ColabFold Downloads

uniref30_2302.tar.gz

MD5 Hash

7c710858a3dcadd750b50e77875bc676

Byte Size

102918187842
uniref30_2202.tar.gz

MD5 Hash

2c7e7de12113559a97857da01389f3c1

Byte Size

82977314638
uniref30_2103.tar.gz

MD5 Hash

2af35af92a9b1cf287a2845a80adf0c3

Byte Size

75336202245
uniref30_2103_taxonomy.tar.gz

MD5 Hash

2847cfbf9831b8a3990c016d89d2a295

Byte Size

1350502783
bfd_mgy_colabfold.tar.gz

MD5 Hash

72e169cccbbd007cc26f106e6b68941e

Byte Size

91235687604
colabfold_envdb_202108.tar.gz

MD5 Hash

fb4976e65837fb8167d46ad0e3653c9c

Byte Size

117965643010
pdb100_230517.fasta.gz

MD5 Hash

9ed5d01c1f8ba8c281c5d05a2e6d1466

Byte Size

28432889
pdb100_foldseek_230517.tar.gz

MD5 Hash

ec5f0c493532417478f01b3ac8a30c8e

Byte Size

19189110724
pdb70_220313.fasta.gz

MD5 Hash

f43aa975d54b49004bdc3f89191685df

Byte Size

21231545
pdb70_from_mmcif_220313.tar.gz

MD5 Hash

e401ff2e05a957be27de48f427134e63

Byte Size

28627472935

Reference

Mirdita M., Schütz K., Moriwaki Y., Heo L., Ovchinnikov S., Steinegger M. ColabFold: Making protein folding accessible to all Nature Methods, doi: 10.1038/s41592-022-01488-1.

Database information

ColabFold databases are MMseqs2 expandable profile databases to generate diverse multiple sequence alignments to predict protein structures. They are the backend of our ColabFold MMseqs2 searches. Here you can download three databases: (1) UniRef30, (2) BFD/Mgnfiy and (3) ColabFold DB.

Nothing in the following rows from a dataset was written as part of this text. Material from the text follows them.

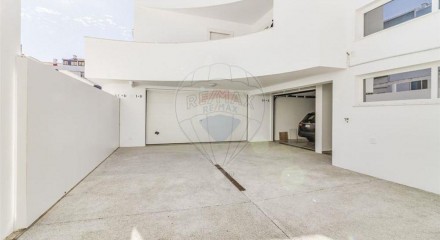 Residential - Condo/Apartment - T1 - Carcavelos e Parede, Cascais - PT
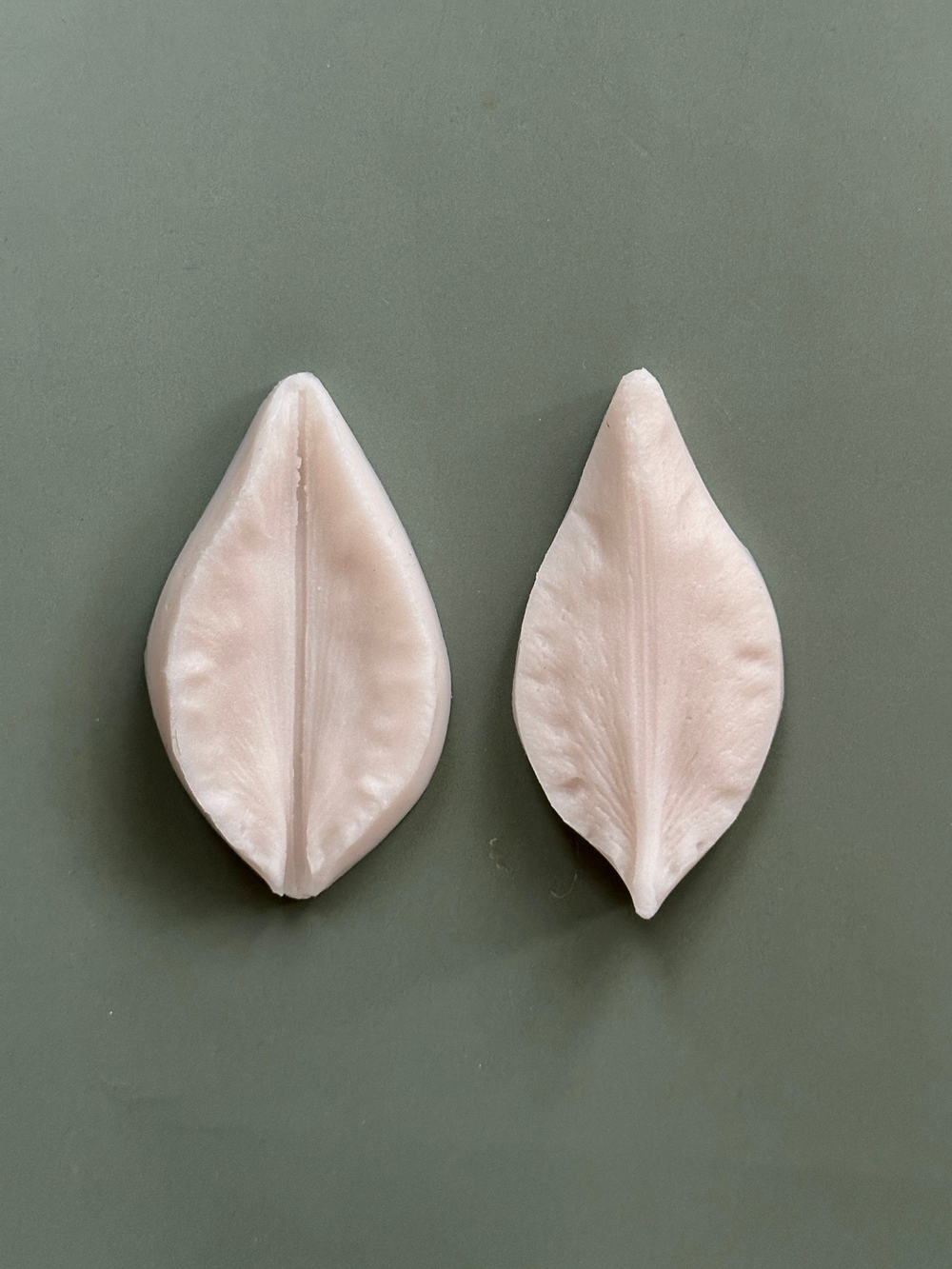 Молд силиконовый вайнер для лепки Лилии / Форма для лепки лепестков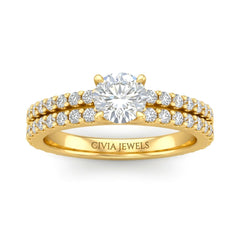 Yellow Gold Round Diamond Engagement Ring With Split Pavé Band Design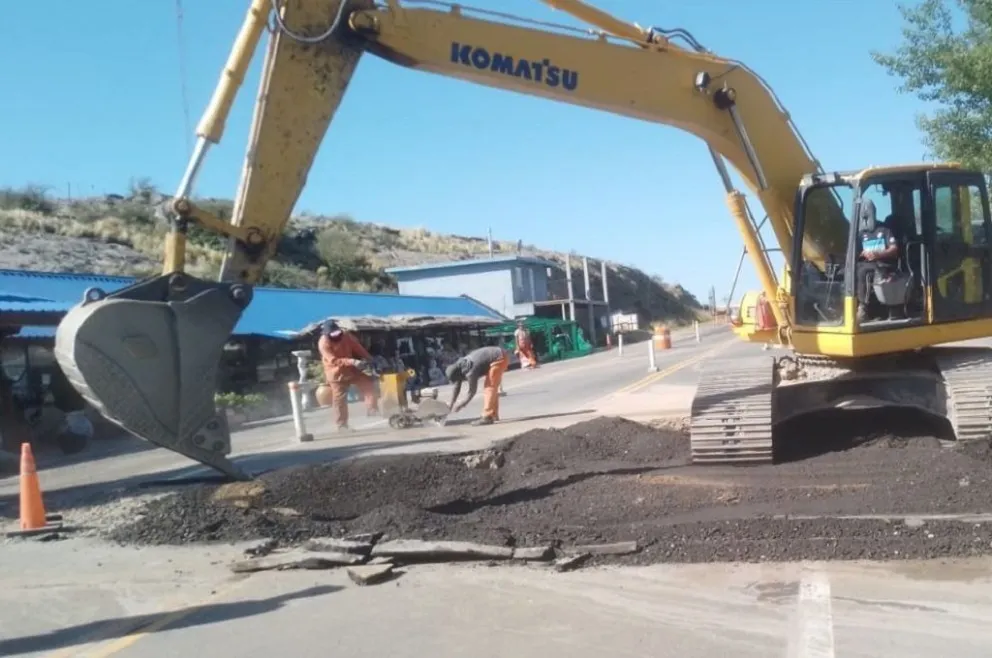 Los trabajos de reparación se ejecutaron y consistió en rellenar el socavón con material de fresado. (Foto: Prensa Gobierno de Córdoba)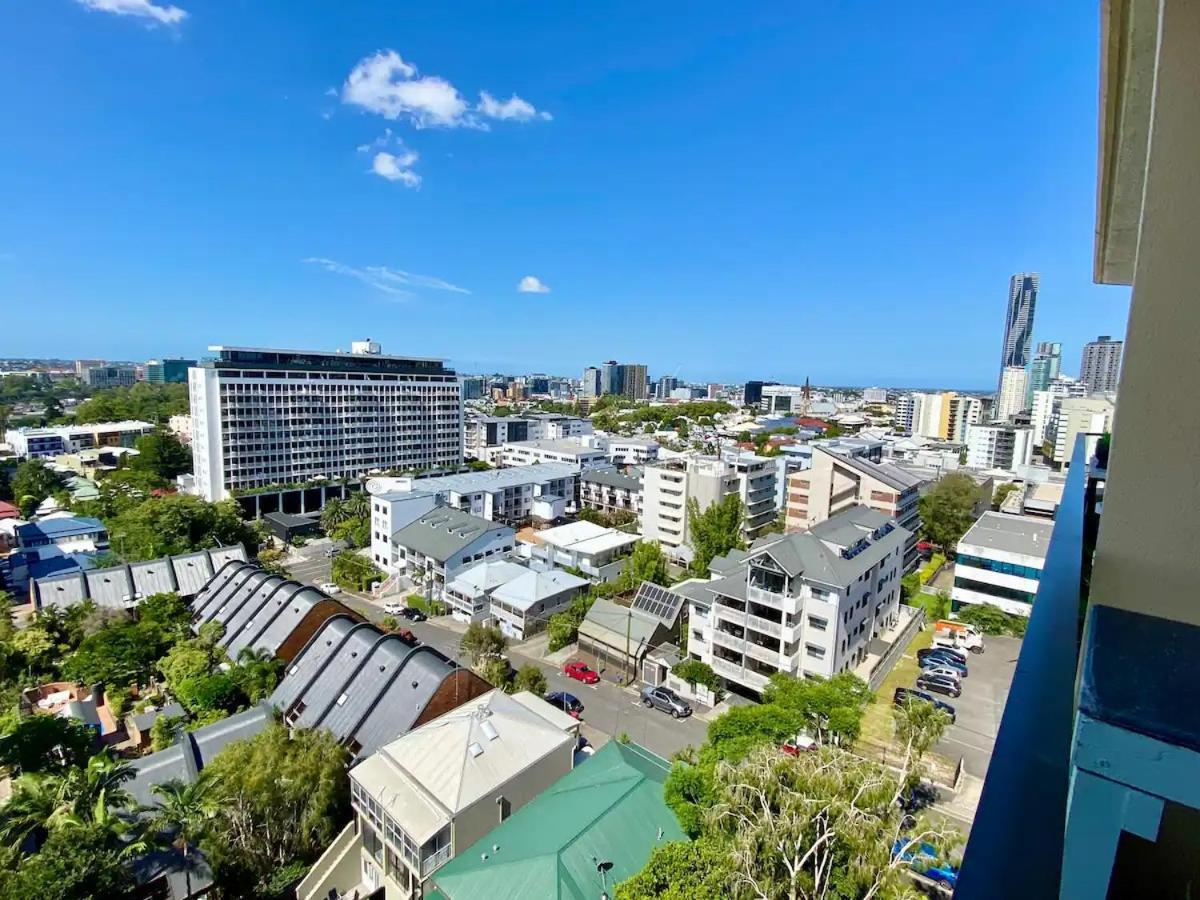 The Summit - Spacious 9th Floor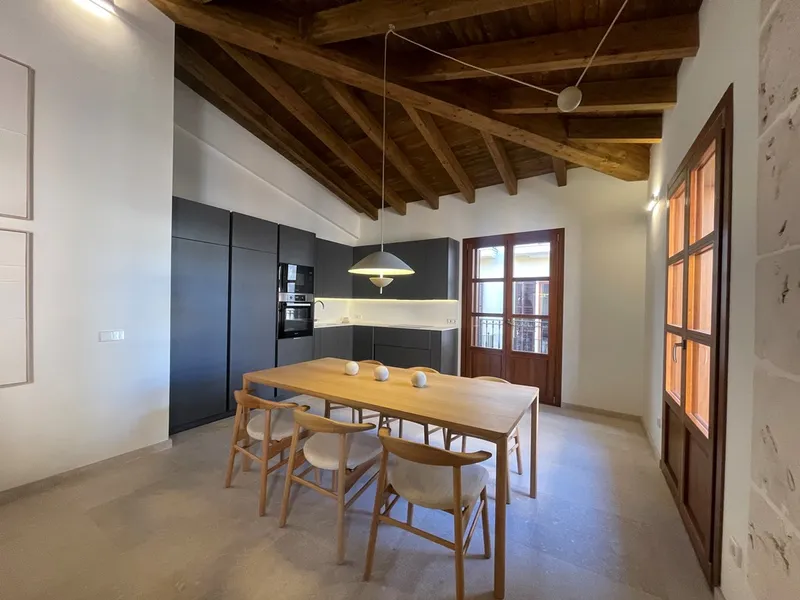 Ultra-luxury penthouse with private terrace, elevator, and parking. 3 bedrooms, 3 bathrooms. — photo 4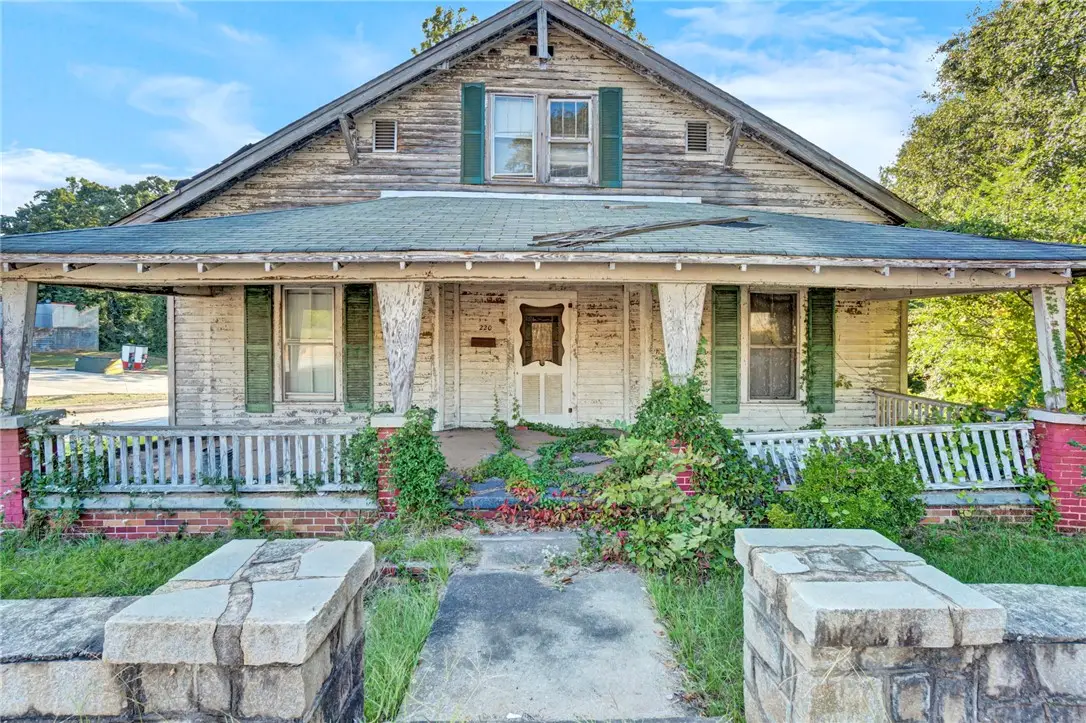 220 Hampton Avenue, Pickens, SC 29671 - #1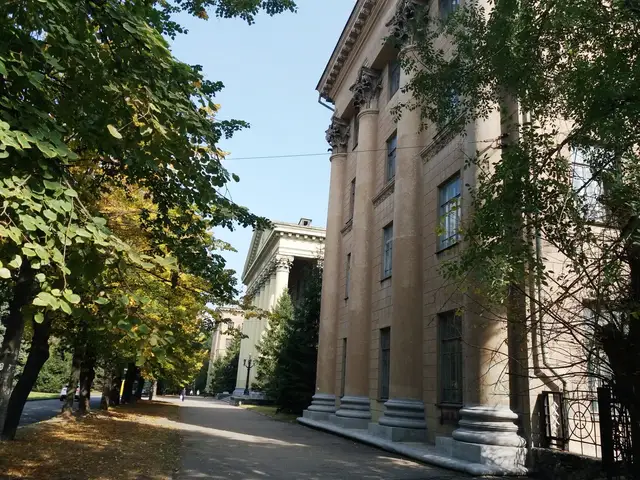 Зелена алея між історичними корпусами ДІІТ на вулиці Лазаряна у Дніпрі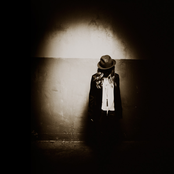 Zz Ward - List pictures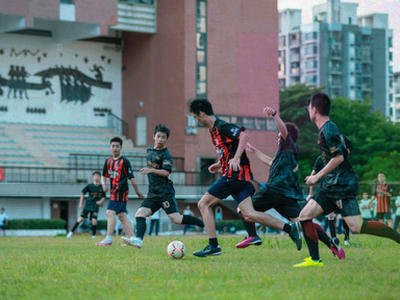足球场阵容位置变化图示，标记首发阵容调整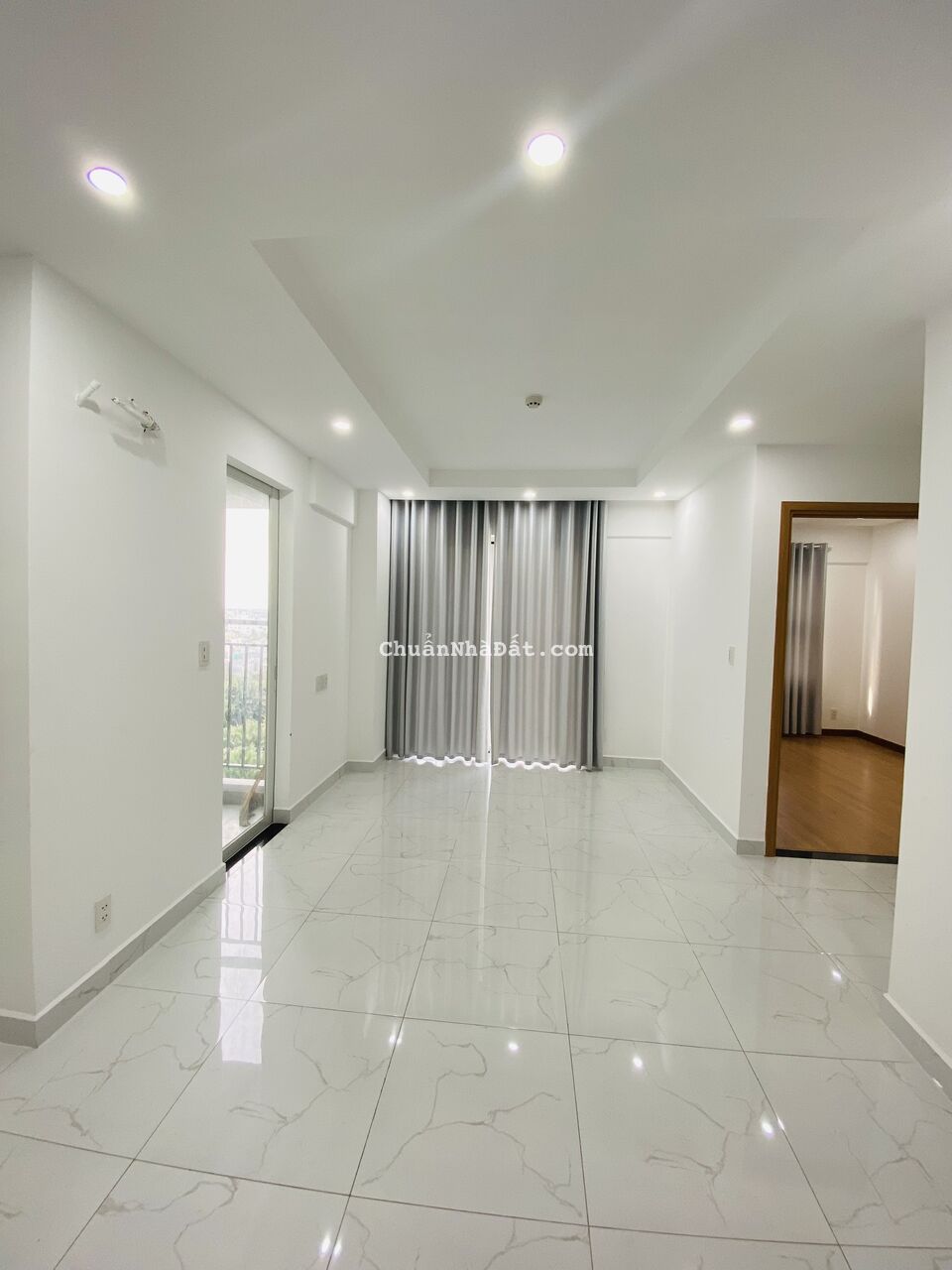 Cho thuê căn hộ conic riverside 1Pn chỉ có rèm cửa, 5,5 triệu/ tháng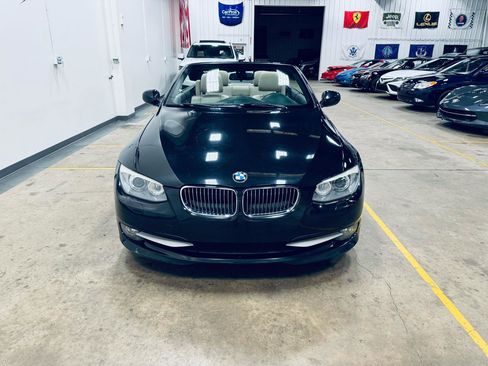 Used 2013 BMW 328i Convertible image 17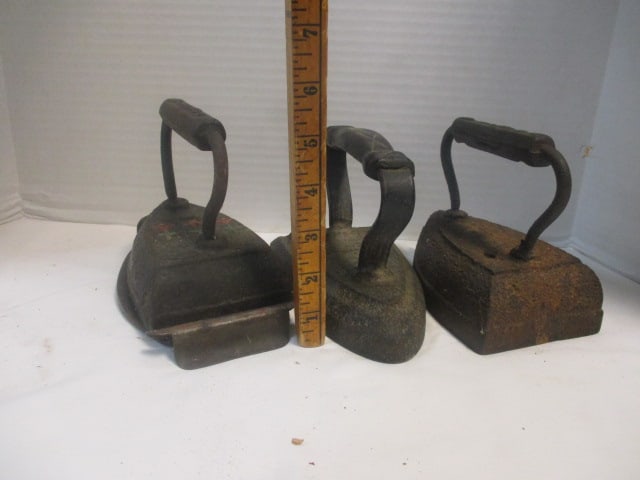 Cast Iron Sad Irons & 1 Plate - 8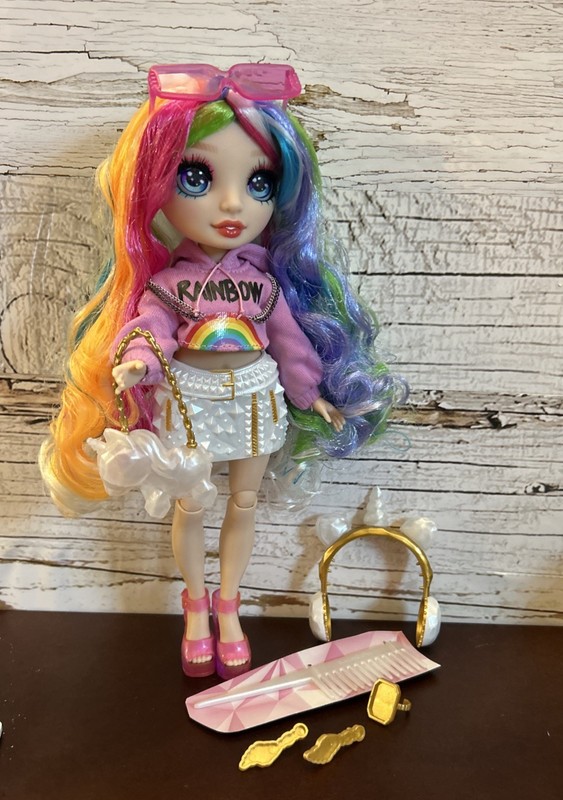 Rainbow High Creative Crystals Amaya Raine Doll + Accessories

(1) UniRef30 is a 30% sequence identity clustered database based on UniRef100.
(2) BFD/Mgnfiy is a combination of BFD and Mgnfiy (2019_05). We merged both databases by searching the Mgnify sequences against the BFD cluster representative sequences. Each Mgnify sequence with a sequence identity high 30% and a local alignment that covers at least 90% of its length is assigned to the BFD cluster. All remaining sequences are clustered at 30% sequence identity and 90% coverage (--min-seq-id 0.3 -c 0.3 --cov-mode1 -s 3) and merged with the BFD clusters, resulting in 182 million cluster. For each cluster we keep only the 10 most diverse sequences (filterresult --diff 10)
(3) Colabfold DB is similarly contructured to BFD/Mgnify. It contains BFD/Mgnify, MetaEuk (Levy Karin et al), SMAG (Delmont et al), TOPAZ (Alexander et al), MGV (Nayfach et al), GPD (Camarillo-Guerrero et al) and MetaClust2.

Setup ColabFold Search

In order to setup the ColabFold MMseqs2 search you need an MMseqs2 version of commit or newer. Convert the UniRef30 and either the BFD/Mgnfiy or Colabfold DB using tsv2exprofiledb.

Build database


wget https://raw.githubusercontent.com/sokrypton/ColabFold/main/setup_databases.sh
chmod +x setup_databases.sh
./setup_databases.sh database/

Run the search script

We provide a user-friendly Python solution to search against the databases:


pip install "colabfold[alphafold] @ git+https://github.com/sokrypton/ColabFold"
pip install -q "jax[cuda]>=0.3.8,<0.4" -f https://storage.googleapis.com/jax-releases/jax_cuda_releases.html
colabfold_search input_sequences.fasta database/ msas

The result will be in result folder. It contains a uniref.a3m and a bfd.mgnify30.metaeuk30.smag30.a3m file. The query.fasta can contain multiple queries. Each query is seperated by null byte.

Searches against the ColabFoldDB can be done in two different modes: (1) Batch searches with many sequences against the ColabFoldDB quires a machine with approx. 128GB RAM. The search should be performed on the same machine that called setup_databases.sh since the database index size is adjusted to the main memory size. To search on computers with less main memory delete the index by removing all .idx files, this will force MMseqs2 to create an index on the fly in memory. MMSeqs2 is optimized for large input sequence sets sizes. (2) single query searches require the full index (the .idx files) to be kept in memory. This can be done with e.g. by using vmtouch. Thus, this type of search requires a machine with at least 768GB RAM for the ColabfoldDB. If the index is in memory use to --db-load-mode 3 parameter in colabfold_search to avoid index loading overhead.

License

All files are available under a Creative Commons Attribution 4.0 International (CC BY 4.0) License.